■ Requirement ■
Could you please output all of the data exactly, without the images?

■ Task data ■
******************************

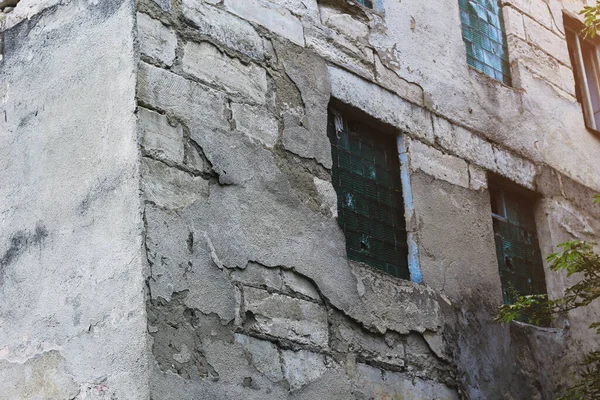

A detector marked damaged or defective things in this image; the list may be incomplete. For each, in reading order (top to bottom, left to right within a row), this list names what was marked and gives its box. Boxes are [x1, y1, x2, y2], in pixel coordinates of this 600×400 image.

broken window [460, 0, 510, 84]
broken window [564, 15, 600, 133]
broken window [328, 108, 408, 280]
broken window [490, 177, 548, 304]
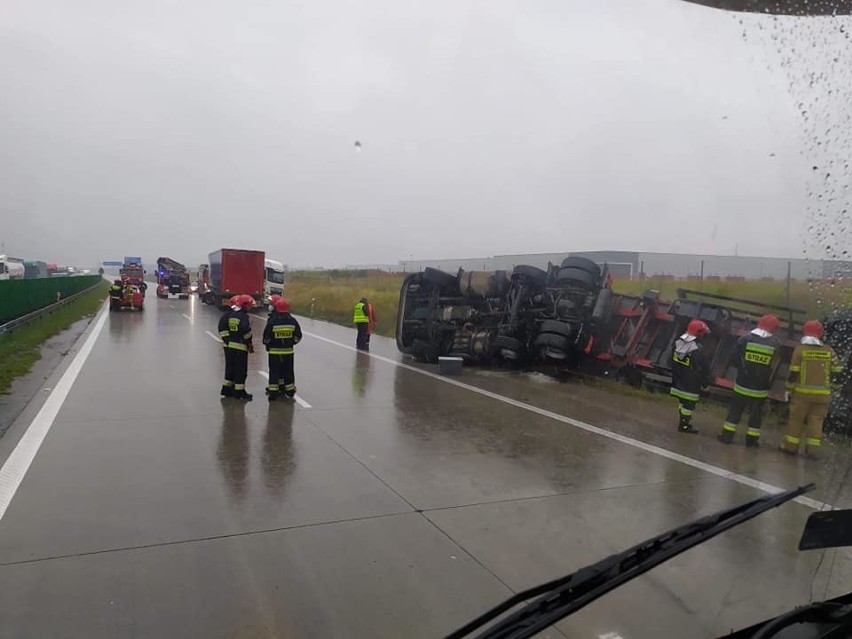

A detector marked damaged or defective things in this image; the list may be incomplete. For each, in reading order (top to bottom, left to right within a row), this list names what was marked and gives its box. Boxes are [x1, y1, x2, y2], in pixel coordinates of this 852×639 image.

overturned truck [398, 256, 852, 420]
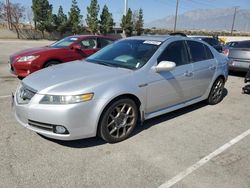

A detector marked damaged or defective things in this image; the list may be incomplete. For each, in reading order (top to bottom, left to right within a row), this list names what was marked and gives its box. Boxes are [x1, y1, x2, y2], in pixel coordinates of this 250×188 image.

cracked asphalt [0, 39, 249, 187]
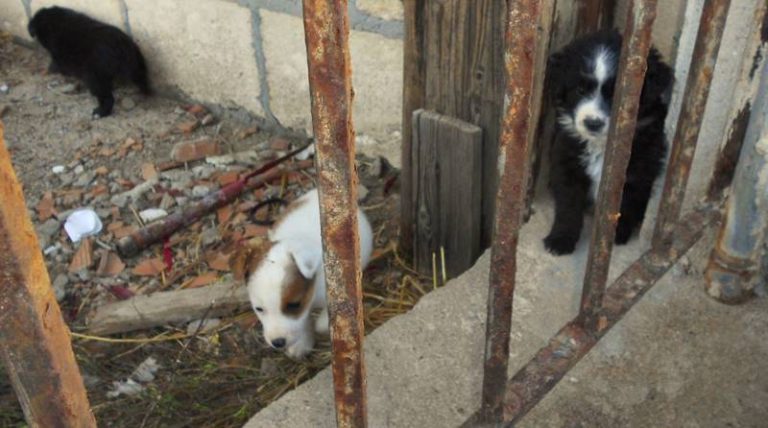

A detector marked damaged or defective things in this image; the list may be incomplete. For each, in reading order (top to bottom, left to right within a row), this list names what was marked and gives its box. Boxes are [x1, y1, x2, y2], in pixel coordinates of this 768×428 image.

rusty metal bar [0, 122, 97, 426]
rusty rod [0, 122, 97, 426]
rusted pipe [0, 122, 97, 426]
rusty metal bar [302, 1, 368, 426]
rusted pipe [302, 1, 368, 426]
rusty rod [302, 0, 368, 428]
rusty metal bar [480, 0, 544, 422]
rusty rod [480, 0, 544, 422]
rusted pipe [480, 0, 544, 422]
rusted pipe [460, 206, 716, 424]
rusty metal bar [462, 206, 720, 426]
rusty rod [464, 206, 724, 426]
rusty metal bar [580, 0, 656, 330]
rusty rod [580, 0, 656, 330]
rusted pipe [584, 0, 660, 330]
rusty metal bar [656, 0, 732, 249]
rusted pipe [652, 0, 736, 249]
rusty rod [656, 0, 732, 251]
rusted pipe [704, 57, 768, 304]
rusty metal bar [708, 56, 768, 304]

******************************

■ Response area ■
A detector marked damaged or defective things in this image; the list may be incomplete. For each, in reading order (top to bottom, left to right within a row), this list names what was marked and gives its box. Boxes are [x1, y1, x2, y2], in pixel coordinates of this 600×400 image.

broken window [460, 0, 510, 84]
broken window [564, 15, 600, 133]
broken window [328, 108, 408, 280]
broken window [490, 177, 548, 304]

A detector marked damaged or defective things in this image; the list may be incomplete. For each, in reading order (top to bottom, left to right within a row), this list names what was marked and gives its box. Boxes are [x1, y1, x2, y2], in pixel coordinates of this 852×639 image.

overturned truck [398, 256, 852, 420]

A detector marked damaged or defective things in this image; the list may be incomplete. For each, in reading order (top to bottom, left to right within a row), this list names what was marked and gives its box. Boxes are [x1, y1, x2, y2], in pixel coordinates of this 250×188 image.

cracked asphalt [0, 39, 249, 187]

A detector marked damaged or defective things in this image; the list may be incomplete. For each, in reading order (top to bottom, left to right within a row), this list names what was marked and gives its box. Boxes are [x1, y1, x2, y2], in pixel coordinates of this 768×428 image.

rusty metal bar [0, 122, 97, 426]
rusty rod [0, 122, 97, 426]
rusted pipe [0, 122, 97, 426]
rusty metal bar [302, 1, 368, 426]
rusted pipe [302, 1, 368, 426]
rusty rod [302, 0, 368, 428]
rusty metal bar [480, 0, 544, 422]
rusty rod [480, 0, 544, 422]
rusted pipe [480, 0, 544, 422]
rusted pipe [460, 206, 716, 424]
rusty metal bar [462, 206, 720, 426]
rusty rod [464, 206, 724, 426]
rusty metal bar [580, 0, 656, 330]
rusty rod [580, 0, 656, 330]
rusted pipe [584, 0, 660, 330]
rusty metal bar [656, 0, 732, 249]
rusted pipe [652, 0, 736, 249]
rusty rod [656, 0, 732, 251]
rusted pipe [704, 57, 768, 304]
rusty metal bar [708, 56, 768, 304]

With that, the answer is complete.